Getting drivers to stop at intersections where traffic lights cycle from red to yellow to green is easy. But getting those same drivers to hit the brakes in the middle of the road at crosswalks is another story. With more than a half dozen such crosswalks in downtown alone, Mayor Holly Brinda said changing such driving habits is a matter of pedestrian safety.
“Drivers in downtown Elyria don’t necessarily respect the crosswalks,” Brinda said. “I saw a woman the other day with a baby in a stroller try to cross the street near Washington Avenue on Broad Street, and it was more than five minutes before traffic would stop so she could cross.”
To prevent such situations, Brinda said the city is piloting a new type of crosswalk signage to alert drivers to the middle-of-the-road crosswalks.

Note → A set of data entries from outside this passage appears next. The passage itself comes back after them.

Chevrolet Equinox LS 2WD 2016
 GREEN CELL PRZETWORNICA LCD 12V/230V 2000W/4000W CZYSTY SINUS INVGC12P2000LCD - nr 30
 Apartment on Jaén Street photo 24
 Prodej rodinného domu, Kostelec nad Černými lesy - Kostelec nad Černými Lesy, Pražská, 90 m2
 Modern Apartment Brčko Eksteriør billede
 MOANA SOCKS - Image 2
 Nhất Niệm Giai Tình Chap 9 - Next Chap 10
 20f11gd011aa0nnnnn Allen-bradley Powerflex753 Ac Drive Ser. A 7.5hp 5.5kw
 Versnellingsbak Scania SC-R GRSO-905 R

City Engineer Tim Ujvari said the signs look like traditional signs alerting drivers to crosswalks, but they also have solar-powered lights that flash when a pedestrian wants to cross. The signs cost roughly $2,500 each and the city will receive two at no cost from a vendor who is interested in a city that wants to pilot the technology.
“If it works to increase the ease of foot traffic in the downtown area, we will look for grants and funding to pay for signs all over,” Ujvari said. “For now, we want to see if this will work.”
The signs will be near the middle of the street crosswalk on Broad Street near Court Street and Kerstetter Way near the Powerhouse Gym. They should be in place by Memorial Day and will be installed by the city Streets Department.
“The law is the pedestrian has the right to cross, but so few people stop,” said Don Wimsatt, city traffic engineer. “We haven’t had any fatalities because of this problem, but we have had an awful lot of near misses that shouldn’t have happened if drivers would have just stopped at the crosswalk.”
Brinda said the city also is taking the initiative to repaint crosswalk lines on the road with brighter reflective white paint in the area where the new signs will be installed, as well as at the intersection of West Avenue and Broad Street.
The new paint job will be 9 feet wide and should be easier to see for motorists.
“It’s a small change, but will help with making downtown better and safer for walkers and it fits into our overall strategy of increasing foot traffic in the area, which will help the downtown businesses,” Brinda said.